Any benchmark for the latest released model? #61

Open ControlNet opened 2 years ago

ControlNet commented 2 years ago

Hi,

I love your project. Could you please provide some benchmark (accuracy, f1, etc) about the latest pretrained model in the release?

That will be a great help because I also want to train some models (EfficientNet, ViT, etc) by myself. By comparing the benchmark scores, I could understand the performance of the model better.

koke2c95 commented 2 years ago

we already trained nfnet, regnet, ConvNeXt on danbooru2020

those too bad, and tagger is useless .... we don't know what this trained model can do

you should checkout this paper, what's next "Transfer Learning for Pose Estimation of Illustrated Characters", Chen & Zwicker 2021

but downstream task experiment show us, too bad even not good as common trained models ....

if you want image self-sup manner, that also bad Train vision models with vissl + illustrated images

what we need VLM, text-image pretrained (like CLIP things) on LAION anime subset (remove tons anime uncorrelated datas)
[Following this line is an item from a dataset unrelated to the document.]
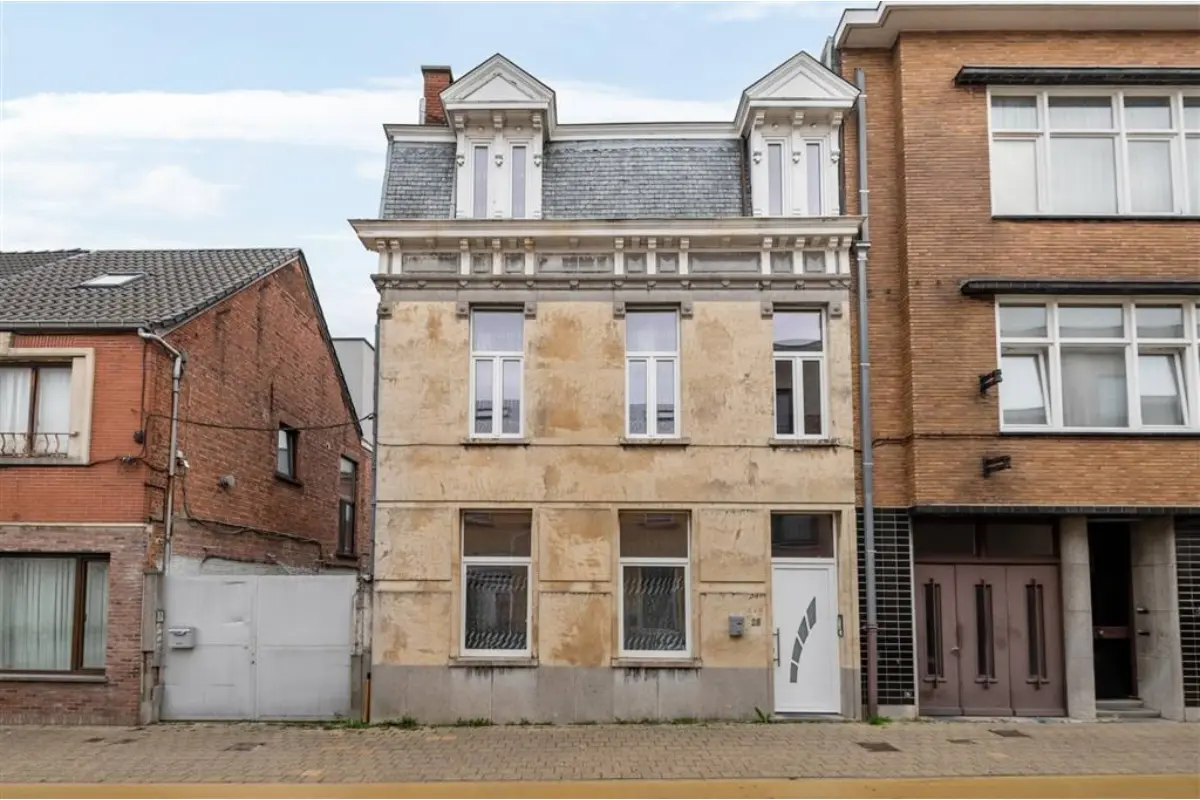 Huis te  koop in Sint-Niklaas 9100 455000.00€ 5 slaapkamers 245.00m² - Zoekertje 638084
training and prepare this datas, not danbooru20xx trained, is a pre-trained dataset

then we can do open vocab detector and a well captioner, enter the anime storytelling things

KichangKim commented 2 years ago

I don't have any benchmark test/score of DeepDanbooru for latest model.

ghost commented 2 years ago

@ControlNet Try this: https://github.com/lucidrains/x-clip You can use a pretrained text encoder and only train the image encoder. The only thing is that you will need to turn danbooru tags into sentences that can be interpreted by the pretrained text encoder first.

I have the same impression as @koke2c95 that tagging models does not work well on danbooru data, as the tags are too noisy and the model can not leverage the relationship between the tags(concepts), which also adds to the noise.

koke2c95 commented 2 years ago

RM

and sorry a issue mentioned on Multi-Modal-Comparators, seem it can't remove :(

ControlNet commented 2 years ago

@koke2c95 Thank you for your reply.

I decide to do simple auto-tagging (multi-label classification) with more lightweight and more accurate. So image generation or translation is not in my plan yet.

You said the label is very low quality. I fully understand it as these tags are community-driven, so the noise cannot be avoided. I'm thinking if it's possible to employ some self supervise learning and weak supervise learning techniques to improve it.

Also, Is there any tag-based anime image dataset with accurate labels?

BTW, regarding the height-width ratio of these images varies very significantly, I doubt naive resizing may not extract the features well. Using sliding window might be a better choice.

I don't have any benchmark test/score of DeepDanbooru for latest model.

Thank you for your reply.

@Daniel8811 Thank you for your suggestions. I know CLIP is an amazing work, and it's robust for unseen data. But I'm not familiar with that. If the pretrained text encoder is used, I highly doubt the anime-style labels (yuri, genshin_impact, blue_hair) can be predicted well.

ghost commented 2 years ago

@ControlNet

If the pretrained text encoder is used, I highly doubt the anime-style labels (yuri, genshin_impact, blue_hair) can be predicted well.

That could be a problem. I agree that it's still unclear if CLIP would really work better on danbooru data at the time of speaking.

@koke2c95 So I guess you are doing text2image at the moment. Do you have a thread or write-up for you exploration?

ghost commented 2 years ago

I decide to do simple auto-tagging (multi-label classification) with more lightweight and more accurate.

@ControlNet Maybe you could manually clean up the danbooru tags so that it contains less abstract concepts (like yuri) and more tags that are obvious to everyone (like blue hair). This may significantly reduce the noise and therefore make the model more accurate.

ControlNet commented 2 years ago

@Daniel8811

it contains less abstract concepts (like yuri) and more tags that are obvious to everyone (like blue hair)

Yes, it's possible although manually finding these "obvious" tags for thousands of tags are tricky.